Hatiku sakit mengetahui penderitaannya ini, tapi di satu sisi aku merasa marah dan muak membayangkan Mike bersama para wanita itu. Sambil mengenyahkan bayangan Mike berasama para wanita itu, aku melangkah maju ke arahnya. Sekarang aku dan Mike berdiri berhadapan dengan jarak yang bahkan hanya beberapa senti saja. Satu tanganku terangkat dengan sendirinya. Lalu dengan ragu-ragu kusentuh wajahnya. Kuhapus air mata dari kedua pipinya.
Keistimewaan ini.
"Aku rasa kita berdua benar-benar kacau," kataku, seraya memegangi wajahnya. Mike menyandarkan wajahnya ke telapak tanganku.
"Maafkan aku, selama ini aku selalu menginginkanmu menderita, Mike. Tapi setelah aku tahu kau seperti ini, aku jadi merasa bersalah padamu…."
"Ssshhh," dia menyelaku sembari menaruh jari telunjuknya pada bibirku.
"Kumohon jangan menyalahkan dirimu sendiri, karena akulah yang berhak disalahkan dan pantas mendapatkannya. Aku terima ini semua, Lana," katanya.
Aku sungguh tidak mampu berkata-kata lagi.
Tanpa sadar aku sudah bersandar di dadanya, membenamkan wajahku di sana.
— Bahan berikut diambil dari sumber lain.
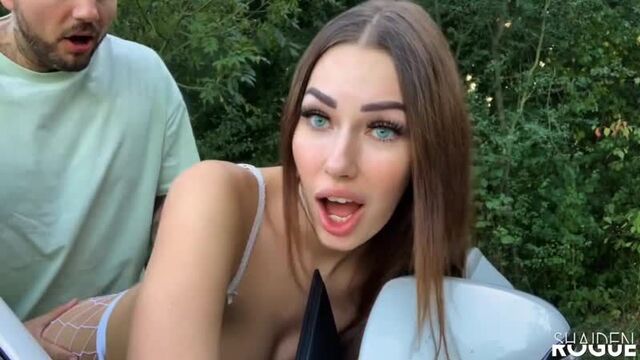 Порно №458408 - porno-porno.net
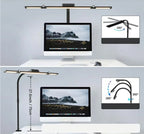 Lampe de bureau Architecte Ma boutique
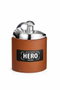 New Brand Prestige Hero Agua de Tocador 100 ml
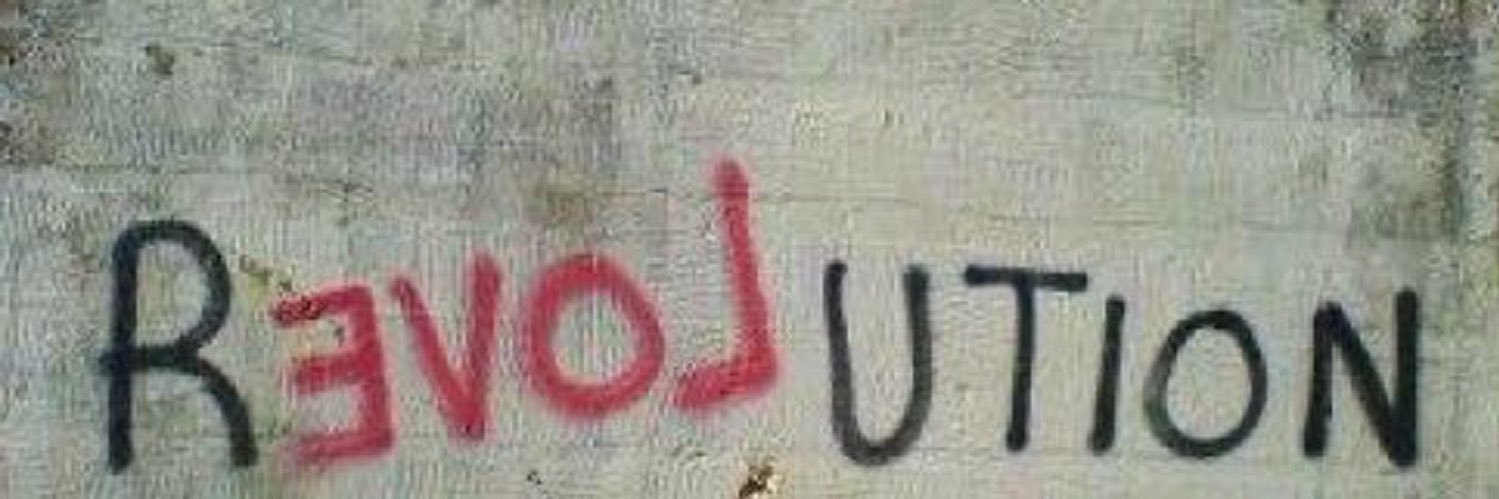 midnight banner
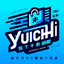 Yuichii Network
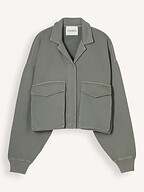 Closed | Blazers en Jasjes | Jasjes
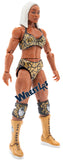 Jade Cargill - AEW Unmatched Series 4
Menghirup aroma tubuhnya dalam-dalam. Meski sekarang Mike tidak menggunakan cologne yang sama seperti dulu, tapi tetap saja, harum tubuhnya terasa familiar. Setelah itu kurasakan kedua lengannya melingkar di tubuhku. Mike mendekapku erat.
Rasanya seperti pulang ke rumah.
Kusandarkan sisi wajahku di dadanya.
Kami berdiri sambil berpelukkan seperti itu selama kurang lebih—selamanya. Sampai kulihat patung Liberty melintas di hadapan kami.
"Lihat itu, Mike," ucapku pelan, tanpa melepaskan pelukanku darinya. Kurasakan Mike menolehkan kepalanya ke arah patung.
"Liberty (kebebasan)?" ucapnya.
"Hmm.... liberty," balasku seraya tersenyum di dadanya.
Kurasakan dadanya bergetar, aku tahu dia sedang tersenyum meski aku tidak melihat ke arahnya.
Mike hanya mengencangkan pelukannya pada tubuhku seraya menyaksikan patung Liberty menjulang tinggi melintas di hadapan kami berdua.